**Supplied data**
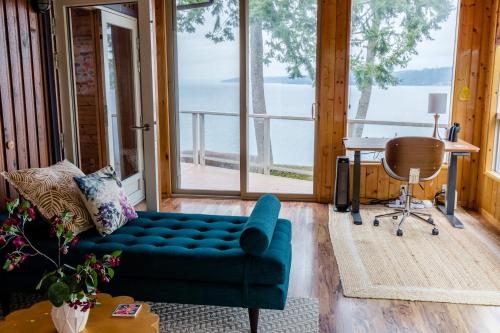 a living room with a blue couch and a table at Luxury Beach Home Ocean View Sonos in Langley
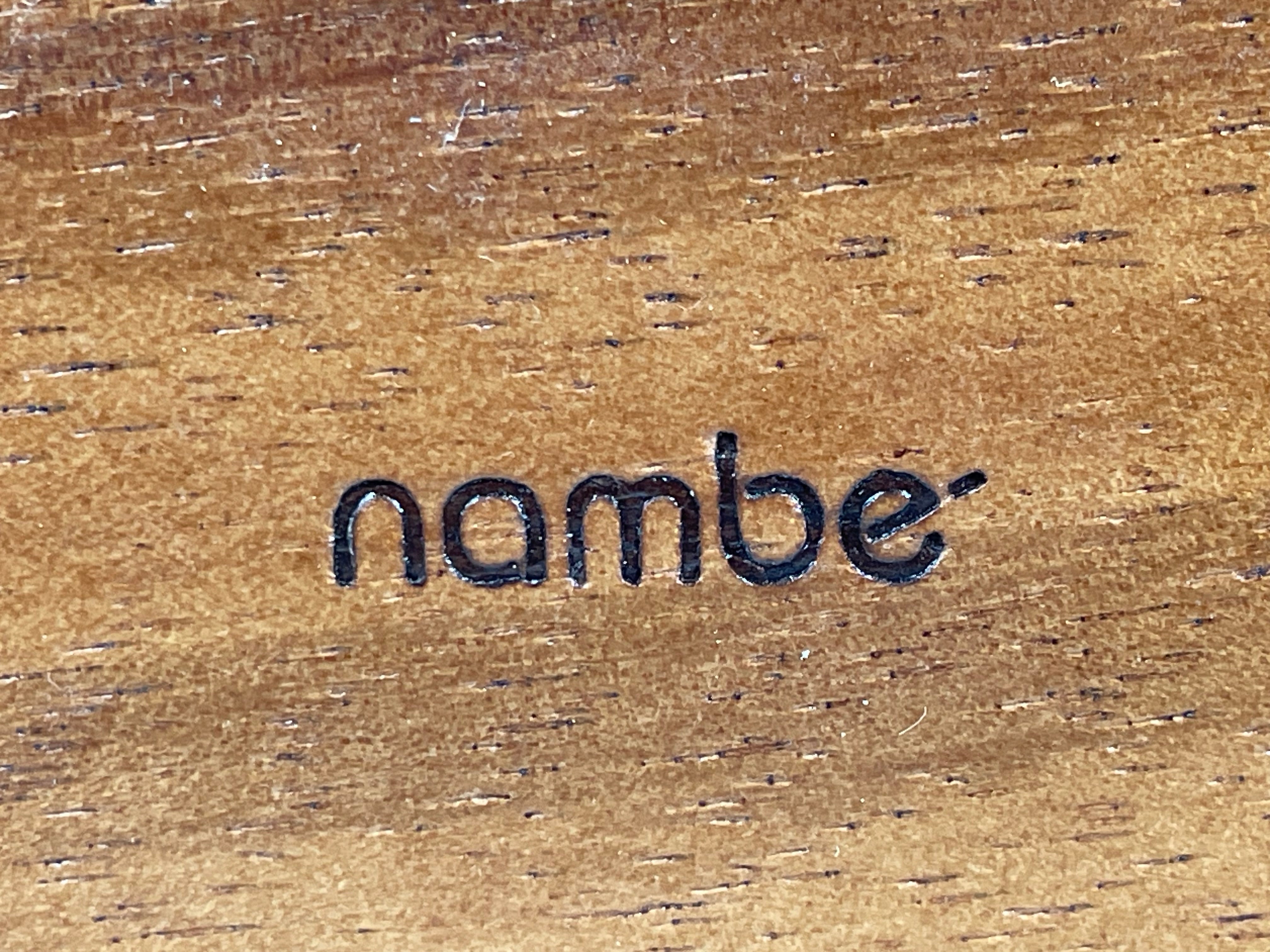 Nambé Napkin Holder – Sculptural Alloy & Wood Design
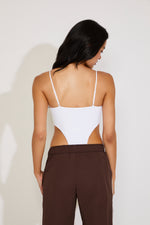 Woman wearing a white tank top and brown pants against a plain background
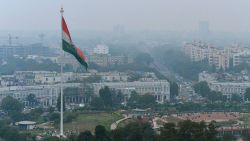 In this photograph taken on February 24, 2015, shows the Indian tri-colour as it flies over Connaught Place in New Delhi, ahead of World Environment Day which falls on June 5.   The Indian government is under intense pressure to act after the World Health Organization last year declared New Delhi the world's most polluted capital.  At least 3,000 people die prematurely every year in the city because of air pollution, according to a joint study by Boston-based Health Effects Institute and Delhi's Energy Resources Institute.  AFP PHOTO / CHANDAN KHANNA        (Photo credit should read Chandan Khanna/AFP/Getty Images)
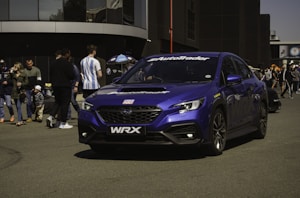 A vibrant blue sports sedan with the brand 'WRX' on the front is parked on a pavement. It has advertising decals, including 'AutoTrader' on the front windshield. People are gathered around nearby, some walking, others standing and observing. Some are dressed casually, with one person holding an umbrella featuring an automobile brand logo. The backdrop features a modern building with large windows.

**Directions for this task**
Each entry is to be transcribed verbatim, and any picture in it is to be skipped.

**Result**
 a living room with a blue couch and a table at Luxury Beach Home Ocean View Sonos in Langley
 Nambé Napkin Holder – Sculptural Alloy & Wood Design
 Woman wearing a white tank top and brown pants against a plain background
 In this photograph taken on February 24, 2015, shows the Indian tri-colour as it flies over Connaught Place in New Delhi, ahead of World Environment Day which falls on June 5.   The Indian government is under intense pressure to act after the World Health Organization last year declared New Delhi the world's most polluted capital.  At least 3,000 people die prematurely every year in the city because of air pollution, according to a joint study by Boston-based Health Effects Institute and Delhi's Energy Resources Institute.  AFP PHOTO / CHANDAN KHANNA        (Photo credit should read Chandan Khanna/AFP/Getty Images)
 A vibrant blue sports sedan with the brand 'WRX' on the front is parked on a pavement. It has advertising decals, including 'AutoTrader' on the front windshield. People are gathered around nearby, some walking, others standing and observing. Some are dressed casually, with one person holding an umbrella featuring an automobile brand logo. The backdrop features a modern building with large windows.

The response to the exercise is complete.